Ahmad appreciates what he feels are the health benefits of fasting — the body taking a break from digestion — and the time of spiritual contemplation. "It teaches you the self-control because the food is in front of you but you're not eating it. ... It will also teach you about the people who are hungry."
Essa points out that part of the fast is a focusing of intentions. There are exceptions for those who are ill or traveling, he says. But, "You cannot complain, 'Oh, I'm hot, I'm fasting,'" or whine about the length of the day. In Humboldt, for example, daylight lasts about two hours longer than places in the Middle East. "Imagine in Alaska," he says, earning a puffed laugh from Ahmad.

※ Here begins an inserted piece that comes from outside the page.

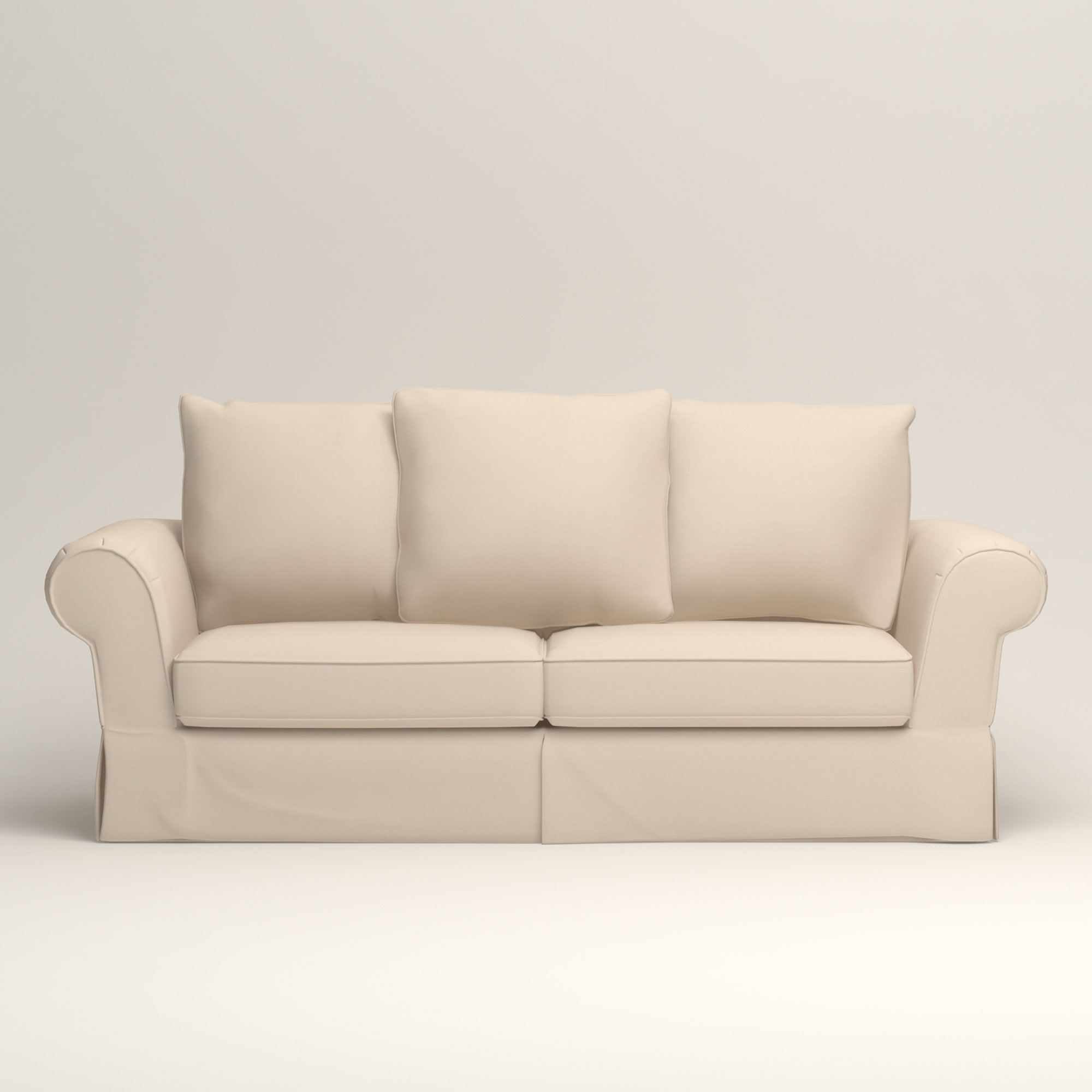 Birch Lane Owen Sleeper Sofa & Reviews Wayfair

"It's important not to forget religion is all one," says Essa. "How do we deal with one another? Treatment is religion." He added, "The same God sent the Torah, sent the Bible, sent the Quran."
The meal is done and many of the guests are leaving, some with long drives ahead. The food has been packed up and cleared, the tables folded, stacked and stored. Only a handful of men and three women are left to begin the evening prayer. Essa explains that while normally one doesn't use a physical copy of the Quran for services in a mosque, there's nobody available who has it memorized. "The hafiz had to go back to Willow Creek," he says.

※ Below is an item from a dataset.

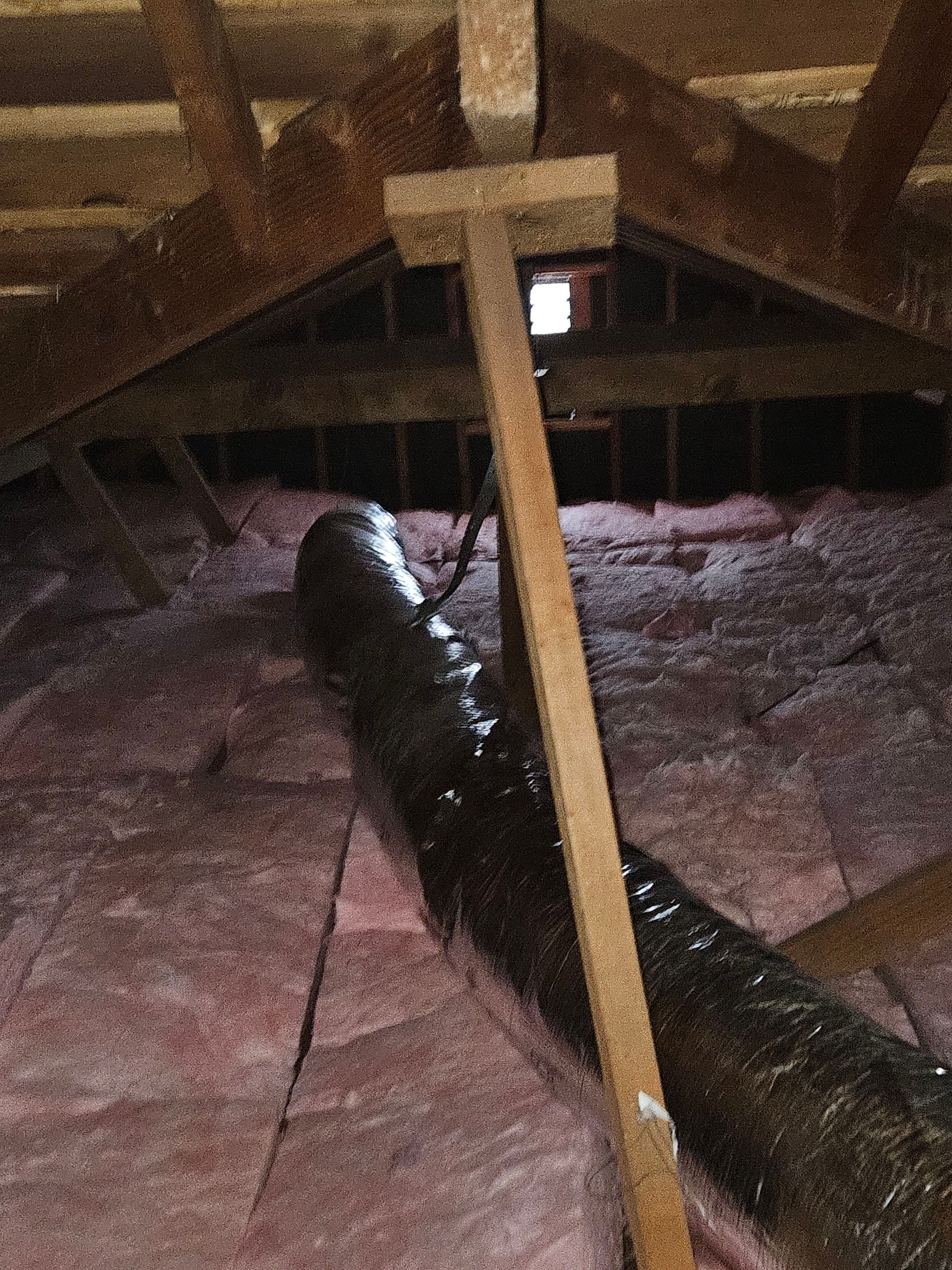 Project in Ventura by Insulation Labs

At 10:30 p.m., Alaa Abdelrahman stands ahead of Emran and Nabil Essa on the carpets, with Atul Zulkurnain and another woman behind them. He reads from his phone, singing out the first prayer raka in a high tenor that rises above the industrial fan in the kitchen. In the hallway off the side, Diana fusses a little and Aisha retreats to nurse her.
The passage of the Quran chosen for the evening prayer says "that God accepts repentance," Essa explains, running his finger across the pale green page of a worn copy with a silver cover and a crumbling spine. The reading also covers charity for the poor and needy.
"People say religion divides people," Essa says after the service. "You and I read the Quran and get a different idea." But in this hall and in this county, faith seems to have bonded people from wildly varied backgrounds. He says some friends who've moved away have told him they miss praying with this tiny community, even without a proper mosque, because they all know one another and visit each other's homes.
"I love birds, you know," he says, "but people say they only sit together [with their own kind]." He says we can overcome that mental training to separate ourselves from those who are different, but "only when your heart is open."